ARTober & Community Events

A couple months ago I mentioned that I will not be holding any more gallery exhibits of my work til the new series is unveiled in February 2012. However, as the holiday season quickly approaches, I have decided to participate in several festivals and art auctions that benefit local Sacramento Schools and Art Programs. I hope that you will be able to attend some of them this month!

October launches a new festival in Sacramento: ARTober. Throughout the entire month, Sacramento will celebrate the arts and humanities throughout the city... in the streets, on the stages, in the galleries, at the museums, and in community parks! I have been invited to participate in their Modern Arts Festival on Saturday Oct 15th. This will be a great opportunity to not only purchase original art, prints and cards directly from me (gallery shows take a huge commission) but to also experience a live portrait drawing session! I will be sketching ink portraits at my booth on 20th street between J and K from noon to 6pm.

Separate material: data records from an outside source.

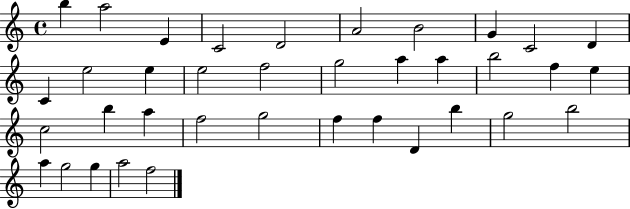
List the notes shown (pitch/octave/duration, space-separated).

B5/q A5/h E4/q C4/h D4/h A4/h B4/h G4/q C4/h D4/q C4/q E5/h E5/q E5/h F5/h G5/h A5/q A5/q B5/h F5/q E5/q C5/h B5/q A5/q F5/h G5/h F5/q F5/q D4/q B5/q G5/h B5/h A5/q G5/h G5/q A5/h F5/h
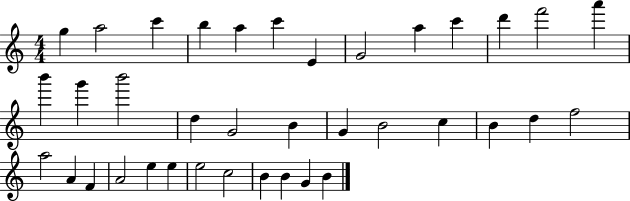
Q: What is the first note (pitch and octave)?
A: G5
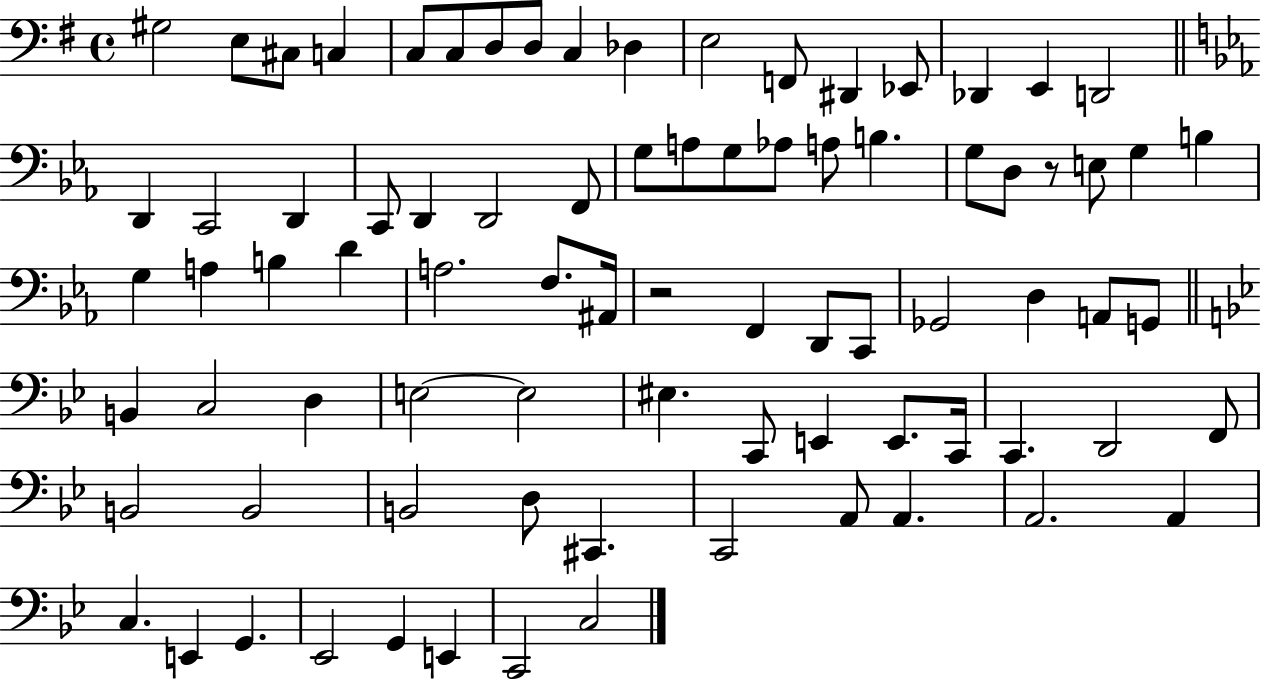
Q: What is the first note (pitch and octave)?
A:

This Saturday, October 8th from 2-5pm, the Jesuit Highschool in Carmichael will host their annual fundraiser. The event is an awesome chance to collect work from many talented and prestigious artists AND simultaneously give back to the community! 50% of all sales go directly to the school. Unfortunately I will not be in attendence but I have given several pieces to the exhibit.

October 29th & 30th, the MAIYA Gallery (located at 2220 J Street, where I had my solo show for my Landscapes in June) will host the Silent Auction "What's in a Name?" The pieces up for bid will not have the artists' names visible. You may recognize an artist's style, but you won't know definitely who created the work unless you are the successful bidder! ALL PROCEEDS will fund scholarships for two El Camino High School seniors who will attend a college or university majoring in studio/fine art in the fall of 2012. The auction is from 1-6pm both days, followed by champagne receptions both Saturday and Sunday.

Thursday, August 4, 2011

Last Local Exhibit for 2011

Looking back over the past 6 years (since I graduated college and began pursuing a career in painting) I can honestly say that 2011 has been one of the most exhilarating and intense years yet. Segueing into being a full-time artist--researching and planning exhibits every month, teaching painting and collaborating with local artists, and trying to produce new work consistently enough to keep growing--has been a challenge. Not that I ever had any misconceptions of how hard it would be to make a living in this economy/culture as an independent artist. But I've found that the creative freedom that self determination embodies trumps everything. And it makes me realize why it's so important to have artists in a world wrought with acquiescence.

2012 promises to be another spectacular year, with 2 solo gallery exhibitions in Sacramento already planned. After the 2110 Gallery accepted my proposal for a new body of work based on the local, Sacramento music scene, I have decided that my exhibit next week, "Portraits of Place," will be my final local show for 2011 so that I can pour all of my energy into the new series.

"Portraits of Place" will include a collection of about 30 paintings highlighting scenes from South America, France, Japan and Sacramento.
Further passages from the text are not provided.